• **Description of the task**: Quote only the span from the first line of the entries to the line containing "Shirt size small - Picture 2 of 3", both ends kept. Leave every picture out.

• **Brief descriptive captions**:

================

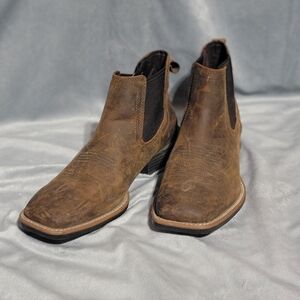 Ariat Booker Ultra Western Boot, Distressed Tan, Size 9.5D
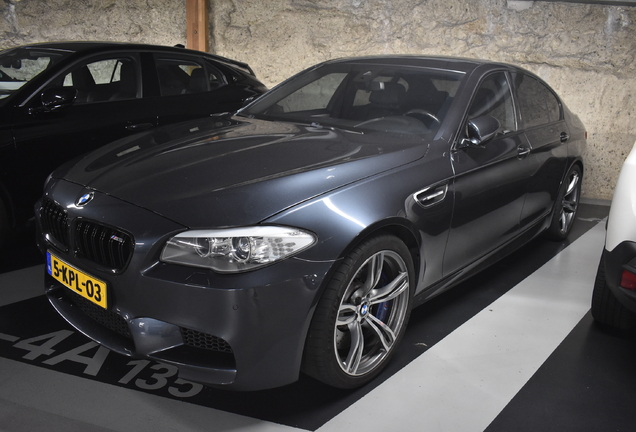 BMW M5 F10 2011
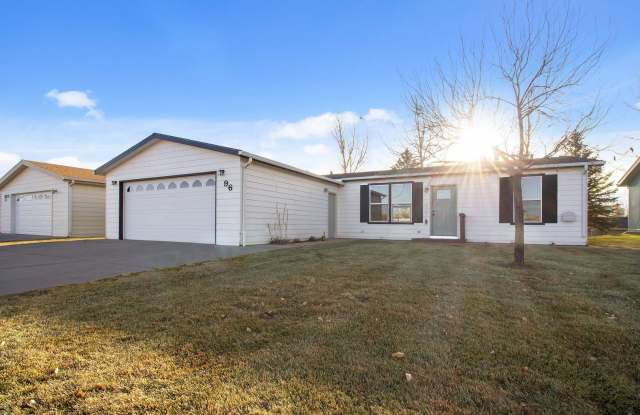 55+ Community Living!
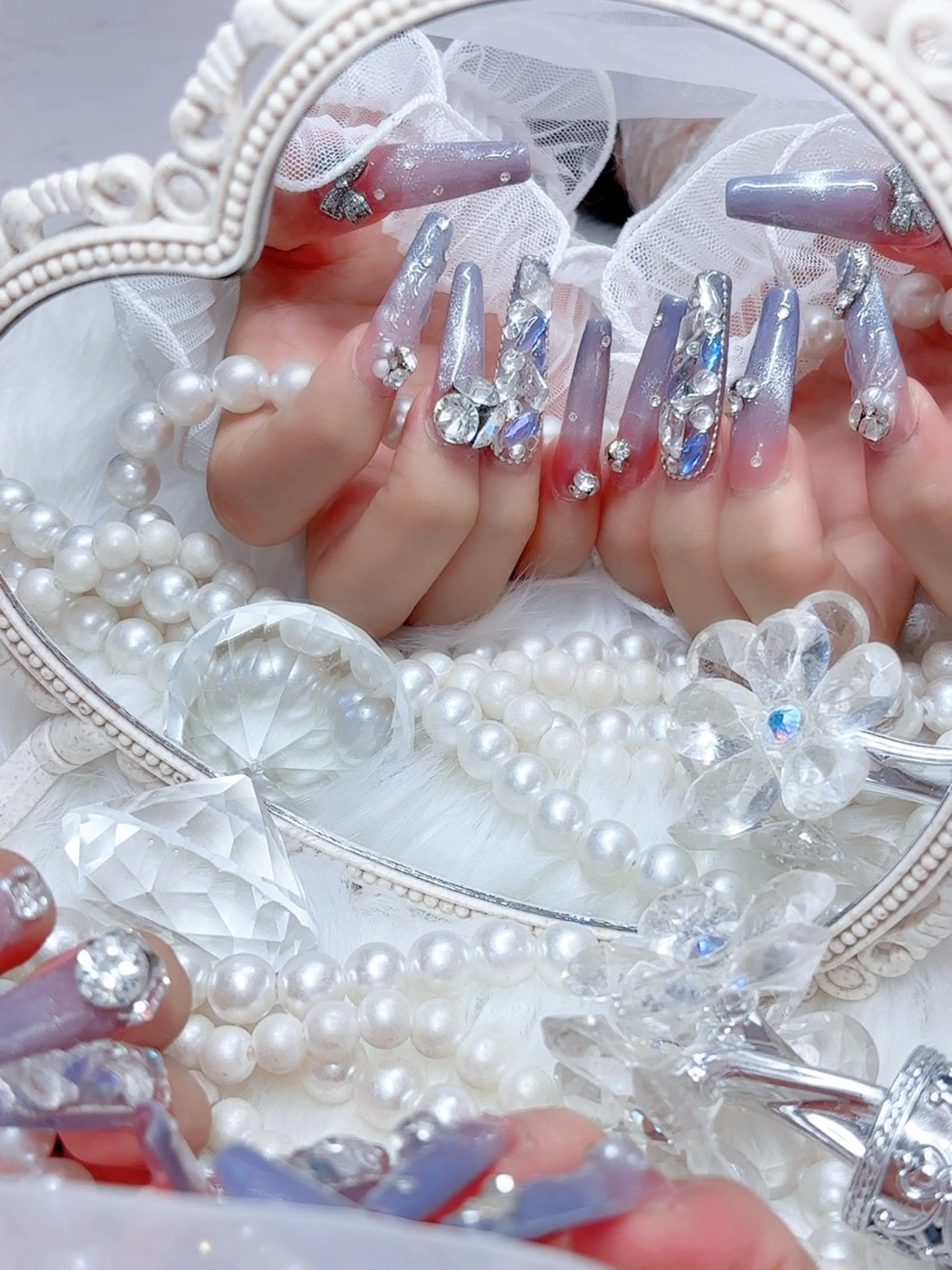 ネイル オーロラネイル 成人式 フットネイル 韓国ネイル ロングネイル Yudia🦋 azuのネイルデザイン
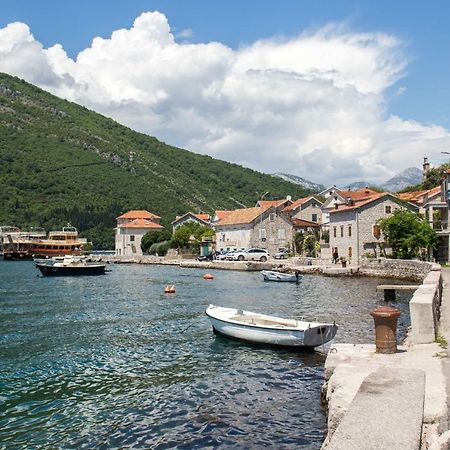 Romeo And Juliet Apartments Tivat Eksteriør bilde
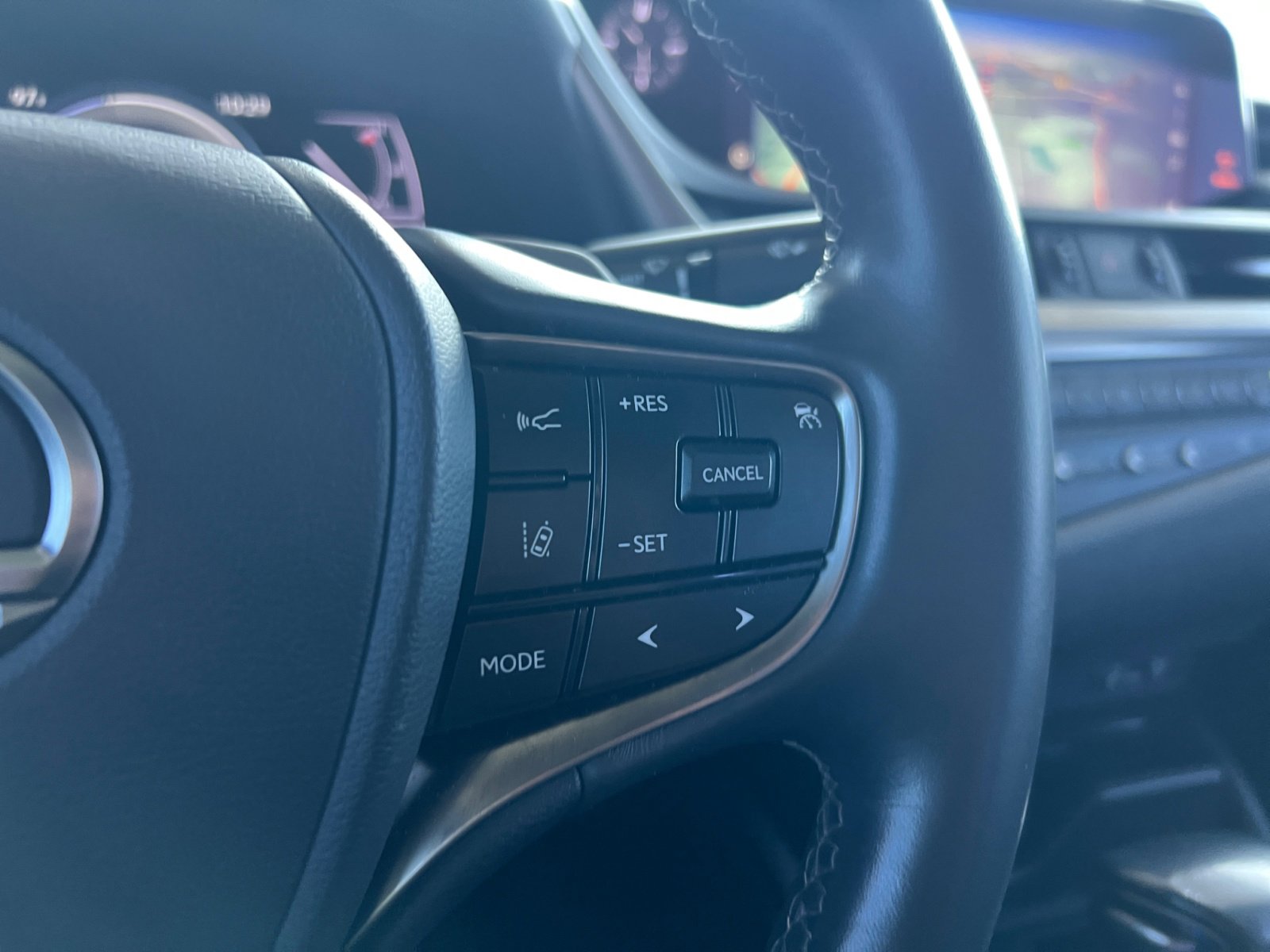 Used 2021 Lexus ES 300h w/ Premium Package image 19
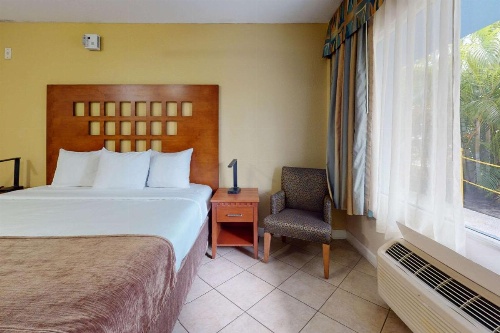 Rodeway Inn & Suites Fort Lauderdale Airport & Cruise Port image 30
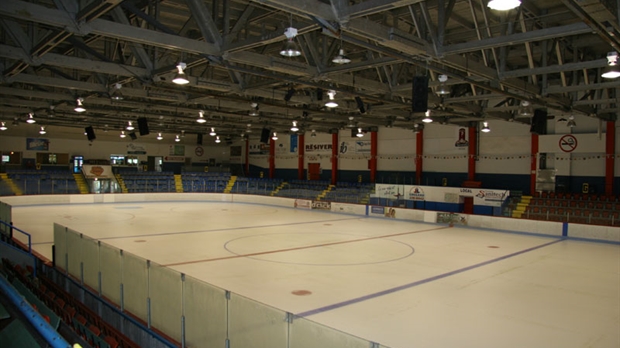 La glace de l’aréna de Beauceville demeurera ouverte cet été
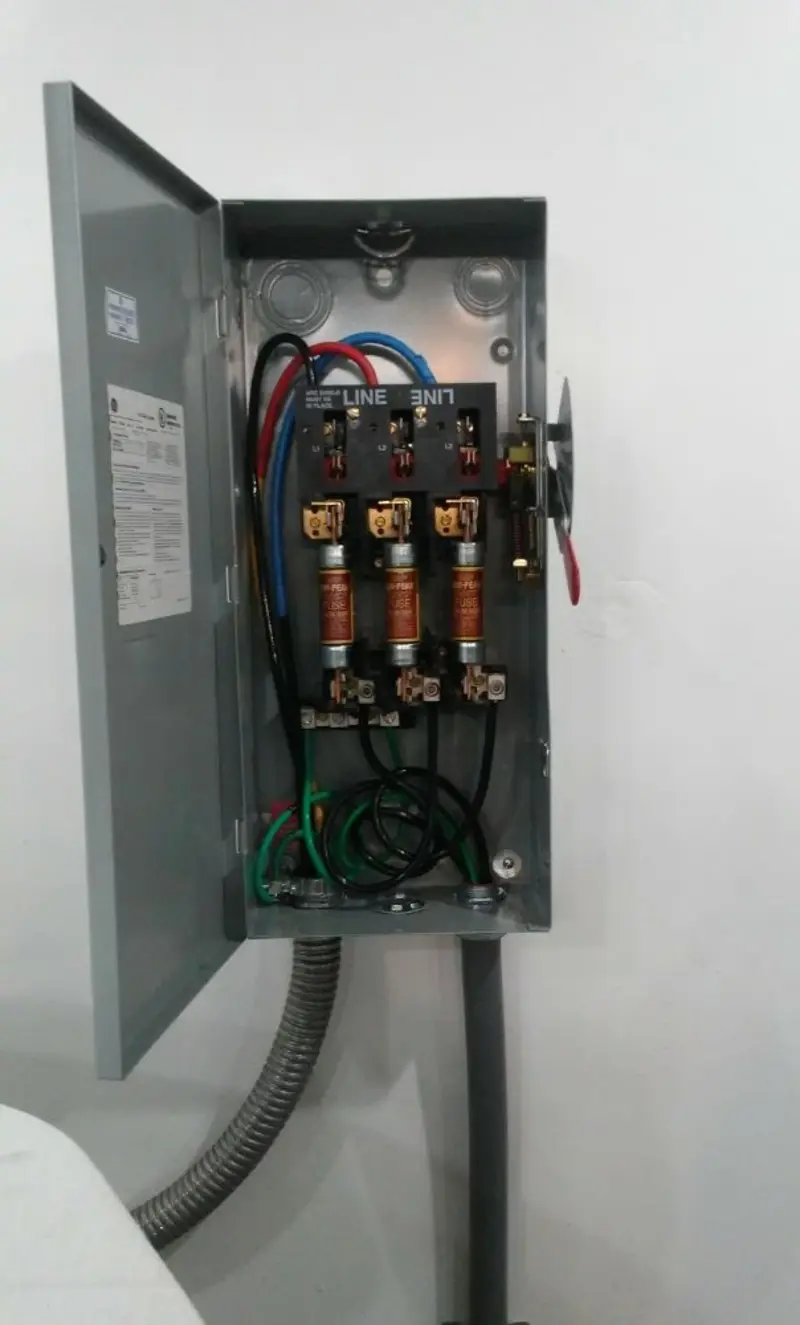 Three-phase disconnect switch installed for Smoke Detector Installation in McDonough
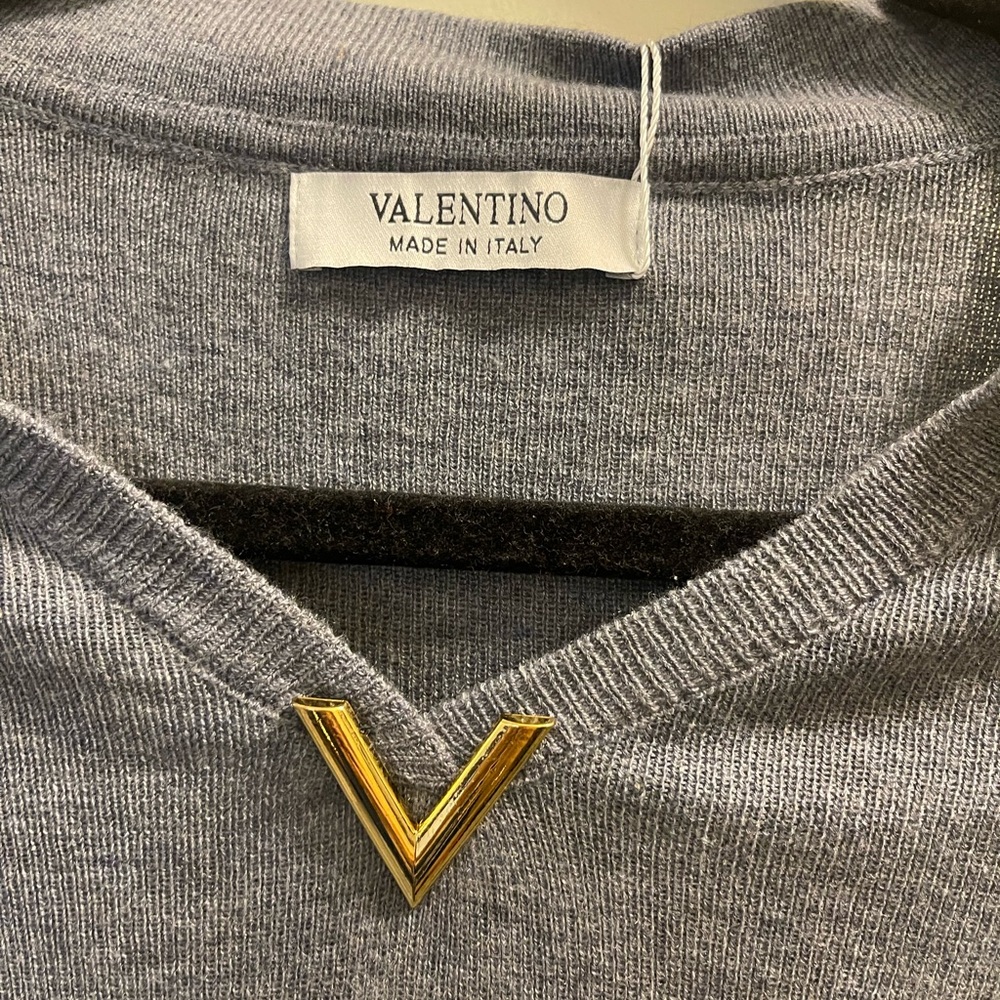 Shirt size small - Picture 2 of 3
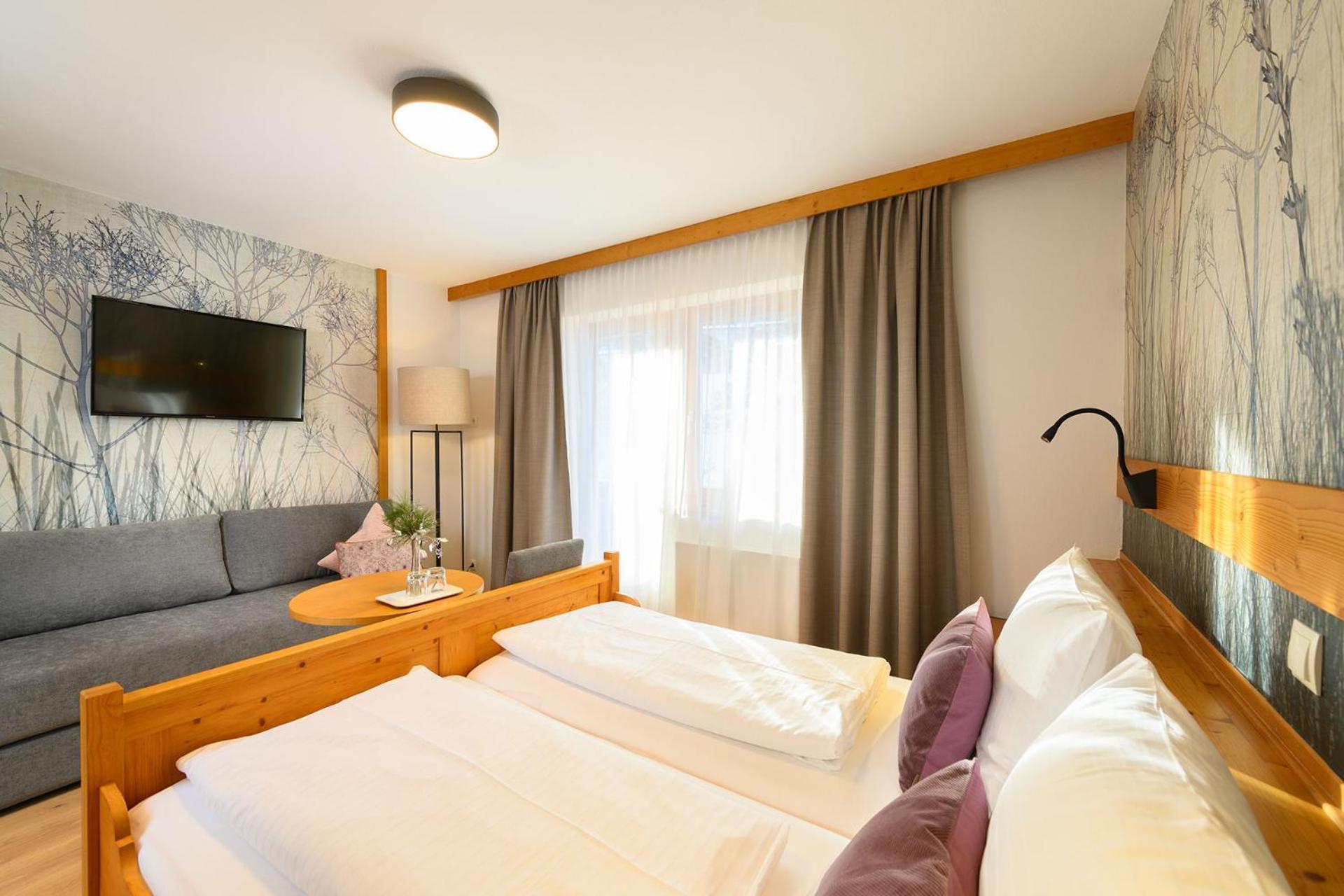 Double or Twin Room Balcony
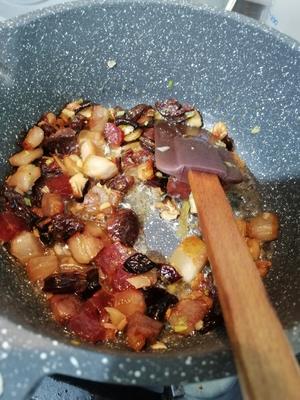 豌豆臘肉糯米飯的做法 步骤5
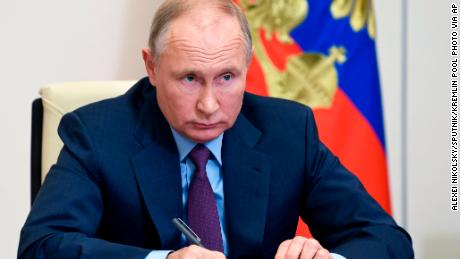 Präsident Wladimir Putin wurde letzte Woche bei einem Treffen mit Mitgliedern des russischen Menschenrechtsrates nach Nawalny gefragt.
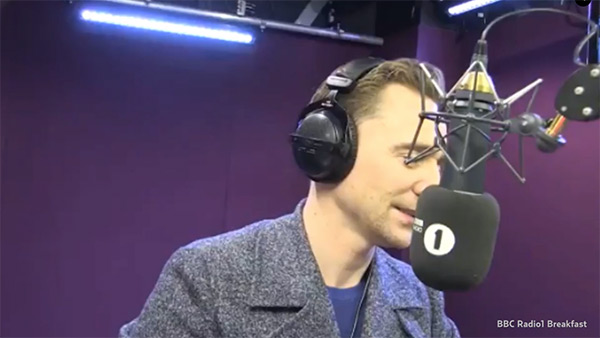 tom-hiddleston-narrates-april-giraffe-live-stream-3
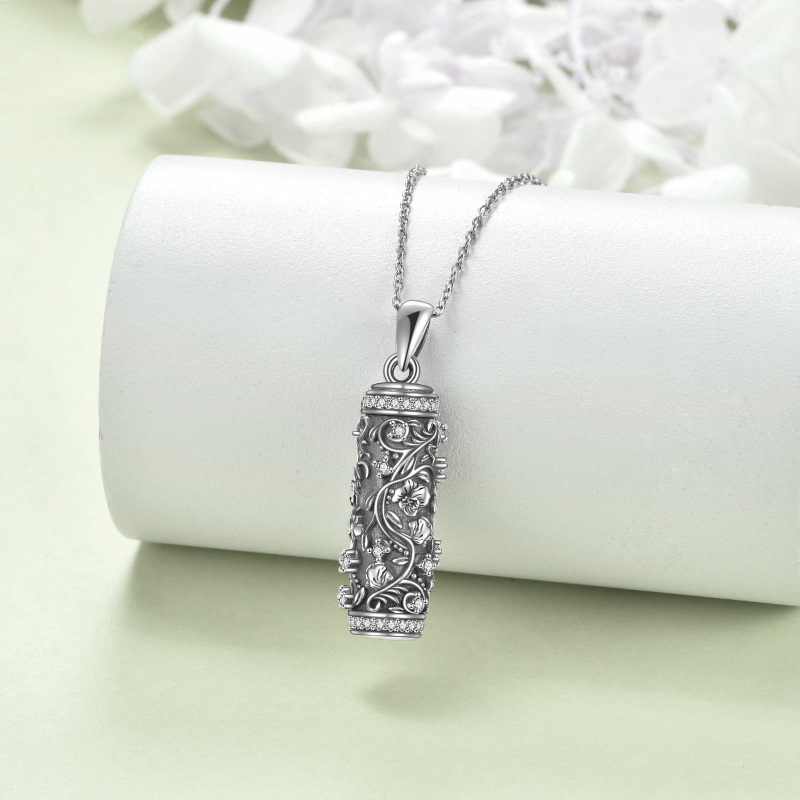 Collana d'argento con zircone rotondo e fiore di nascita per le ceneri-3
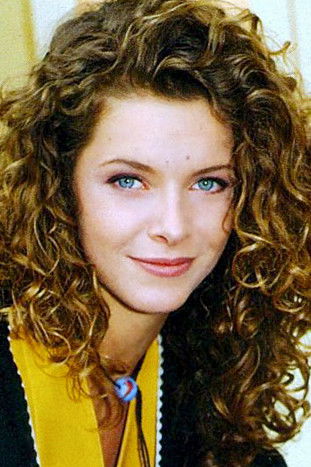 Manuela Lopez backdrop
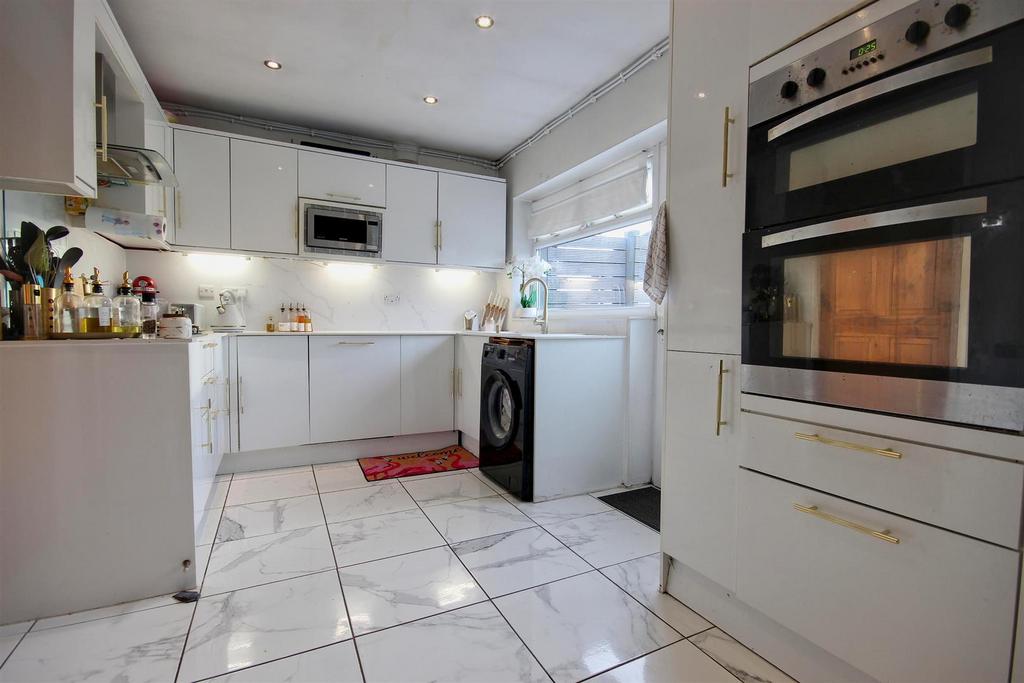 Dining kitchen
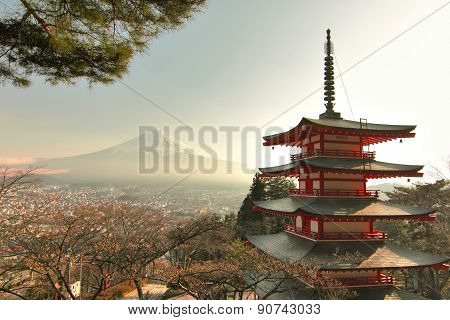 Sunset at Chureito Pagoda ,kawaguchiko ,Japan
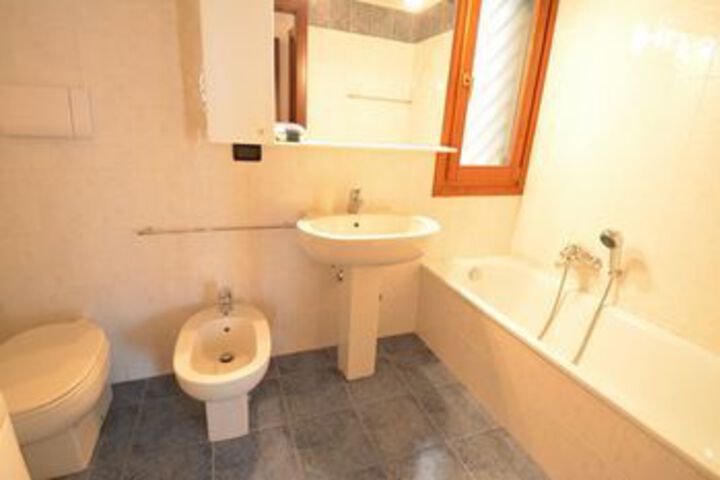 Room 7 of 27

================

• **Answer area**:
 Ariat Booker Ultra Western Boot, Distressed Tan, Size 9.5D
 BMW M5 F10 2011
 55+ Community Living!
 ネイル オーロラネイル 成人式 フットネイル 韓国ネイル ロングネイル Yudia🦋 azuのネイルデザイン
 Romeo And Juliet Apartments Tivat Eksteriør bilde
 Used 2021 Lexus ES 300h w/ Premium Package image 19
 Rodeway Inn & Suites Fort Lauderdale Airport & Cruise Port image 30
 La glace de l’aréna de Beauceville demeurera ouverte cet été
 Three-phase disconnect switch installed for Smoke Detector Installation in McDonough
 Shirt size small - Picture 2 of 3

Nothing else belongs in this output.